Robert Towne brings another trick to the table as well: His excellent sense of place and time. Just as he did in his previous hit Chinatown and his uncredited work with Beatty on Bonnie and Clyde, Towne makes plenty of hay from something that many modern viewers may gloss over: Shampoo is a period piece. Plenty of humour and dramatic irony are drawn from the fact that his post-Watergate film is set in the days leading up to the 1968 election. The free sex and drugs of sunny, idyllic 1960s Los Angeles are on full display to a world which knows those things will fade and crumble in the coming years. The soundtrack of The Beatles and The Beach Boys becomes mocking and menacing, and everything feels heightened. If this seems like a tough mental exercise, I’ll leave it to Pauline Kael to describe the feeling of the film to a contemporaneous audience:
The time of Shampoo is so close to us that at moments we forget its pastness, and then we’re stung by the consciousness of how much has changed.

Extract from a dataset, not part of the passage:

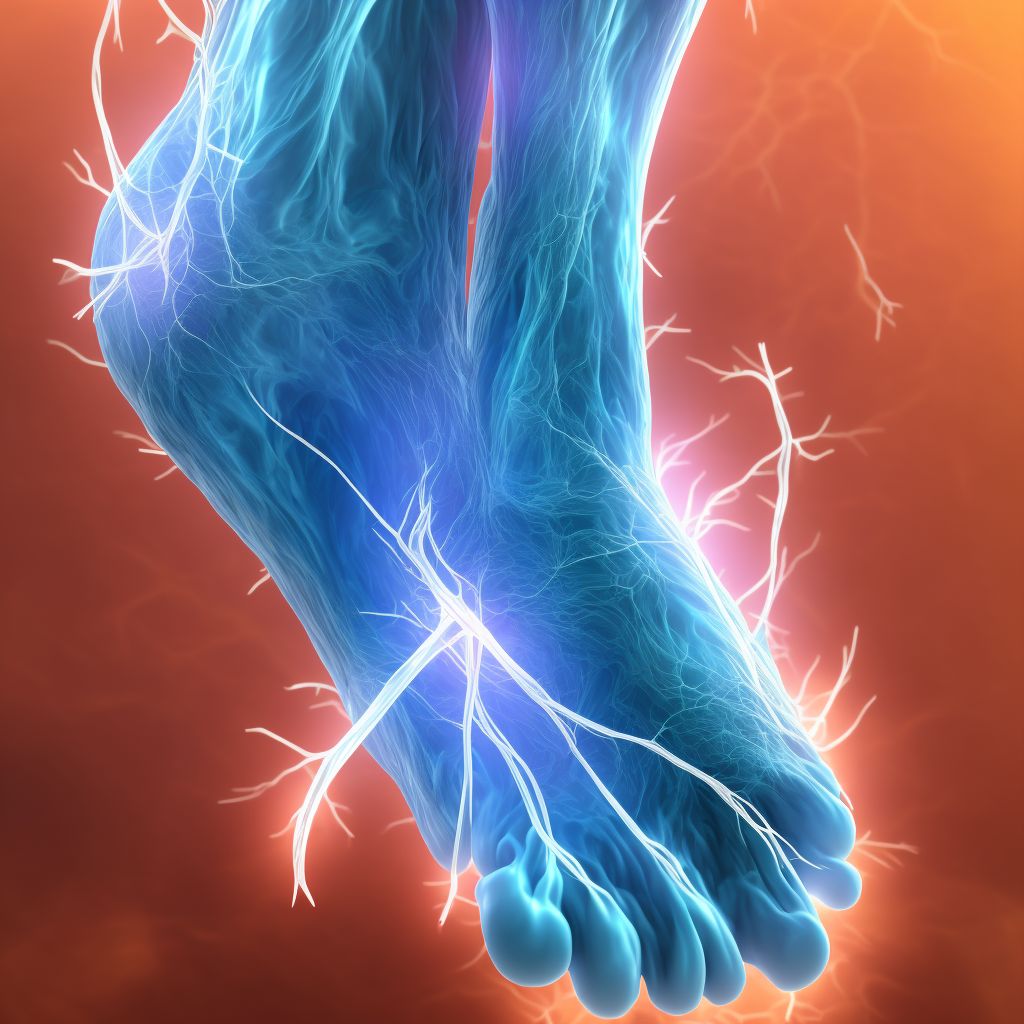 Varicose veins of left lower extremity with ulcer of ankle digital illustration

Shampoo is also a platform for another great 70s talent in director Hal Ashby. Two of his most beloved films Harold and Maude and The Last Detail had already dropped that decade, and while his deep belief in relying on actors and script often mean he’s forgotten among 70s auteurs, his influence is still felt on Shampoo. While Beatty may have had a huge directorial influence, it’s hard not to feel Ashby in the visuals and editing. The pace he keeps is mostly frenetic. Tension builds beautifully, but he also allows for long, awkward humour to play out in a way that would make Larry David happy. On top of that, Ashby was always visually inventive, and here he, along with master cinematographer László Kovács, plays with the male gaze, making Beatty the deep focus of eroticism throughout the film. His hair, his wardrobe, and the way the camera trains on him takes a highly sexualized man and makes him an object in the same way he treats the women around him. Warren Beatty can be credited with plenty of self knowledge in the script, but that tense feeling of his world going off the rails as he becomes controlled and manipulated seems like Ashby had a chance in the driver’s seat.
I think with some distance from Beatty’s talents and sex life, an audience can really come to appreciate the film for its actresses and their roles in the narrative. It’s rumoured ardent feminist Julie Christie wasn’t pleased to play the “kept woman” in the film, but took the role to please Beatty. Their mutual chemistry is key to the film and they play old lovers reunited perfectly. Goldie Hawn, still fresh off her 1970 Oscar win for Cactus Flower, gets a great chance to subvert her usual diaphanous blonde image by creating someone who’s got a deeper life that’s being ignored. Lee Grant, a more veteran actress, recalls throwing herself completely into the role, and does plenty with an otherwise stock role of the libidinous and bored housewife. In fact, she did enough to win her the sole Oscar Shampoo received among its four nominations. Shampoo also provided the perfect debut for Carrie Fisher, whose foul mouthed, exacting character comes naturally. She is one of the few who sees through Beatty’s charm immediately, and is the first to manipulate him to her own ends. The role assuredly played a part in earning her next big acting gig as Princess Leia in 1977’s Star Wars, but also showcases the kind of brassy humour and bravado we’d come to love and expect from Fisher when she wasn’t saving the universe.
Shampoo can take a while to get into, but hopefully this introduction is enough to at least make you curious. Shampoo is a film that earns re-watchability by packing in nuance, great performances and insight into a period of profound change. If your first viewing doesn’t convince you, just rinse and repeat.